And there you go........


----------



## SteadyHoyt12's

*More info on the tournament*

GON magazine will be covering the tournament and writing a article on the tournament and the winners. Also there is a possibility that Elite will be bringing the camera crew to film the tournament and put it on one of their T.V. shows.


----------



## SteadyHoyt12's

*Dont forget to pre register*

Don't for get must pre-register with Joe Crosby. That can be done by emailing him at joec@kjanda.com or call him at 770-331-9466. Also you can request a shooting time if it is not full. Last but not least the Elite contingency money is *GUARANTEED* to each class no matter how many shooters!!!


----------



## BOTTEMLINE

*Smoke*

Is other companies going to have contingency money ?  I would like to thank Elite for putting on the shoot l could use the money to go to the Gator Cup..


----------



## alligood729

BOTTEMLINE said:


> Is other companies going to have contingency money ?  I would like to thank Elite for putting on the shoot l could use the money to go to the Gator Cup..


----------



## Kool Hand Luke

BOTTEMLINE said:


> Well all l know is this Hoyt is ready...Im not concerned with anything but will this be cash or check?



Bottemline ,that says enough your used to being at the bottom of the list,maybe we can take up a donation for you.


----------



## Kool Hand Luke

MI360 said:


> To play with BIG DOGS you play on a BIG DOGS course. This is a big shoot, and long and tough shot will make or brake you. But i do understand what you are saying.



I thought the big dogs shot unknown distance.lol


----------



## Kool Hand Luke

bowanna said:


> I'll believe your 50.00 is in the pot only when I see it.
> So whats the rules in the hunter class.
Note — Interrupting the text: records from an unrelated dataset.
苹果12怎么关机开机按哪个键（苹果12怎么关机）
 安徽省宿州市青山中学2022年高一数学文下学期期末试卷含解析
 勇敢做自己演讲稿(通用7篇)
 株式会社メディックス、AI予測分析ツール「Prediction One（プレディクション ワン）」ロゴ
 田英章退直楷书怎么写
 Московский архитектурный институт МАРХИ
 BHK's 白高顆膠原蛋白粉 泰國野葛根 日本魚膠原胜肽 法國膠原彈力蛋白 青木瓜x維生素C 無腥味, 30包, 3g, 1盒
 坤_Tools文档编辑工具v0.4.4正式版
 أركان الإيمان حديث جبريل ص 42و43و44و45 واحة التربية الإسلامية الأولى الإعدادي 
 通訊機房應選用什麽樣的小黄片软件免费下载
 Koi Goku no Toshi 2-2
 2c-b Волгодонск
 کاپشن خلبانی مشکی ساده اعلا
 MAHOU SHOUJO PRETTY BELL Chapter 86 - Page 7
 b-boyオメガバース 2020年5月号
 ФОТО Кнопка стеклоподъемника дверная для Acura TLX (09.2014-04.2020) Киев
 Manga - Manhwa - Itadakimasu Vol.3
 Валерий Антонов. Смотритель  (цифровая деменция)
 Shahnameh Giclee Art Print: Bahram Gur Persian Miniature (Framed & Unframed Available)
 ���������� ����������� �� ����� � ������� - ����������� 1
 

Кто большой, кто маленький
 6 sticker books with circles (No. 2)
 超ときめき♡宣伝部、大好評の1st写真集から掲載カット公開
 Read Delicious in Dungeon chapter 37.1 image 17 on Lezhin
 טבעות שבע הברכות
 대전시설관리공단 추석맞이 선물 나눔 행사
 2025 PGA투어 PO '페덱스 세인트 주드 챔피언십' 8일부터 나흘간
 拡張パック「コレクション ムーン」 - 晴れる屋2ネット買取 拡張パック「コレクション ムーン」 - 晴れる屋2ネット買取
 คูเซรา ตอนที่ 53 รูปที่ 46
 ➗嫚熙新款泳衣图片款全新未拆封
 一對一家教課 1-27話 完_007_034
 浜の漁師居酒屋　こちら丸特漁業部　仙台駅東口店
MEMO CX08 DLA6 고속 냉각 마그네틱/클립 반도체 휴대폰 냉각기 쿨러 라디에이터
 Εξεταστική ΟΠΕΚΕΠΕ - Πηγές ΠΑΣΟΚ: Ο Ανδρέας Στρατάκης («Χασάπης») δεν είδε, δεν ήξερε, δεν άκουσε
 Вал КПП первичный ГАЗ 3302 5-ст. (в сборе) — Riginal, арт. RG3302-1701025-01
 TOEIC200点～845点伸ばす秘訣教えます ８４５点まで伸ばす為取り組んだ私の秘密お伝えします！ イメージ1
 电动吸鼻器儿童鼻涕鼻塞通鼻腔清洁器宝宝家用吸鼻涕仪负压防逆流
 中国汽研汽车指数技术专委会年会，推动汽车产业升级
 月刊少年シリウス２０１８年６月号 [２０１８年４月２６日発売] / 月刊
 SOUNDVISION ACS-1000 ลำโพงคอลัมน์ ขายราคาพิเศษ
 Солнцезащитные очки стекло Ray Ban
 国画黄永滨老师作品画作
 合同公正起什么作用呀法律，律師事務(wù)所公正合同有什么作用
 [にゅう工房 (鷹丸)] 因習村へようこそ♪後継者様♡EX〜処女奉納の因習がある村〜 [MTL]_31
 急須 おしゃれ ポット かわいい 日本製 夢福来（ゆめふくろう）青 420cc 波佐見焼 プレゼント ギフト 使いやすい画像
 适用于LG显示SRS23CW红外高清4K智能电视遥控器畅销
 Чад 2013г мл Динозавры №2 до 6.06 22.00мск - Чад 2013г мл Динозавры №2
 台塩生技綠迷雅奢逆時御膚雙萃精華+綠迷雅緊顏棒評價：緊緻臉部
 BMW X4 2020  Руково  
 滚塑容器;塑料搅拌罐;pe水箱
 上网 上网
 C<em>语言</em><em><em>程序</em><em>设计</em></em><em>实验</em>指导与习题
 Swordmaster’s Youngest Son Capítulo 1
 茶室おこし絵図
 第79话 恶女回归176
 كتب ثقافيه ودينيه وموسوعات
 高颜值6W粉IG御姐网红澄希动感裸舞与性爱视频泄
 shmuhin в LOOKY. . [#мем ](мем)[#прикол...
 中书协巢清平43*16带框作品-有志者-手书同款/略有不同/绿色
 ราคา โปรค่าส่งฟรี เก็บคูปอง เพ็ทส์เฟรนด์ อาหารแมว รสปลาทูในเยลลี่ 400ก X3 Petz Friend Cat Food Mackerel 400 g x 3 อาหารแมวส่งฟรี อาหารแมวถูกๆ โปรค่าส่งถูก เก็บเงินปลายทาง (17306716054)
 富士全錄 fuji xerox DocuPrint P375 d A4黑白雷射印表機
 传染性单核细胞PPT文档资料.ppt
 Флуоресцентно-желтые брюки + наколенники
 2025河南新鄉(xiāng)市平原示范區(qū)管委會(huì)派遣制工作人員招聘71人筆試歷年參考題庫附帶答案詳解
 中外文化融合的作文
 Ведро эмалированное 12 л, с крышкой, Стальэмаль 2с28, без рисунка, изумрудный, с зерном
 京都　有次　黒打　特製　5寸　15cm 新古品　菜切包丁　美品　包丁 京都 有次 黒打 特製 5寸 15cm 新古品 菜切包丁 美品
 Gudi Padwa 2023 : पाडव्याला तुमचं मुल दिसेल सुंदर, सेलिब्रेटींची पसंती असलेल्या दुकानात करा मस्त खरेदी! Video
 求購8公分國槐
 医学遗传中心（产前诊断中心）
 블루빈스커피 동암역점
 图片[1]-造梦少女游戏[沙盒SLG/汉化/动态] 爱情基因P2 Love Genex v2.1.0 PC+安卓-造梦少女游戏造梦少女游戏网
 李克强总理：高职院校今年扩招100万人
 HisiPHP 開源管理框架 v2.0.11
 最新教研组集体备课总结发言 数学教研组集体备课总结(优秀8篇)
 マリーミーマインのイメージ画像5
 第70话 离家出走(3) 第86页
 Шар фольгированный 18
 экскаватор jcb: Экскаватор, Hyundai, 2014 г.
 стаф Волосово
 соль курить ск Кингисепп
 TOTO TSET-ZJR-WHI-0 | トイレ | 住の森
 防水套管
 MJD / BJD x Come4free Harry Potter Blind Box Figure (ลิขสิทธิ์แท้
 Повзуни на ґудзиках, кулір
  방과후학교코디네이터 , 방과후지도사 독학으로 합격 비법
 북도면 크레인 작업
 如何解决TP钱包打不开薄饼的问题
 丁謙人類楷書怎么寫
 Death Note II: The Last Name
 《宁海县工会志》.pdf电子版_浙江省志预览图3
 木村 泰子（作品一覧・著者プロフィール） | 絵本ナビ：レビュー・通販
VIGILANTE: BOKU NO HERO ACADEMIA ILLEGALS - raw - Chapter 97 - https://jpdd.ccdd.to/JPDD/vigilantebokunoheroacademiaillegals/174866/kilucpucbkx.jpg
Are behind the riser sliders legal ? (HHA) Or straight up fixed pins ?   Can you pick your shooting time ?
> I may just snatch the CBE sight and long stabilizer off my 3-D rig ? Any problem with an older man than you doing that ? (59)
> Surely I'm not seen as a threat ?
> 
> 
> 
> Yup, but only who your giving your cash or check to. op2:



Lj i say we shoot the old hunting rig with ol alligood


----------



## MI360

Kool Hand Luke said:


> I thought the big dogs shot unknown distance.lol



In 3d yes the BIG DOGS shoot unknown only because there is not much $ in known. I have shot unknown at every level and yes with the BIG DOGS. I have been at the top of my game at unknown and known. But i would consider Reo, Dave, and Jesse all BIG DOGS and all they shoot is known indoor and outdoor. I still have the love for archery but sometimes not the desire or time to shoot unknown. I am a very blessed with the accomplishments in the great sport of archery that I have. I am blessed to have a beautiful wife that loves the sport just as much as i do, my greatest times in archery have be on the range with her. Good luck to all


----------



## BowanaLee

Kool Hand Luke said:


> LJ, I say we shoot the old hunting rig with ol alligood




I'm mounting my HHA 3 pin sight on my 3-D rig after this weekend. I doubt anyones worried though. At my age, I'm not exactly a threat.


----------



## KillZone

Ain't what I heard!!!!!


----------



## alligood729

Kool Hand Luke said:


> Lj i say we shoot the old hunting rig with ol alligood



Bring it....


----------



## BOTTEMLINE

Kool Hand Luke said:


> Bottemline ,that says enough your used to being at the bottom of the list,maybe we can take up a donation for you.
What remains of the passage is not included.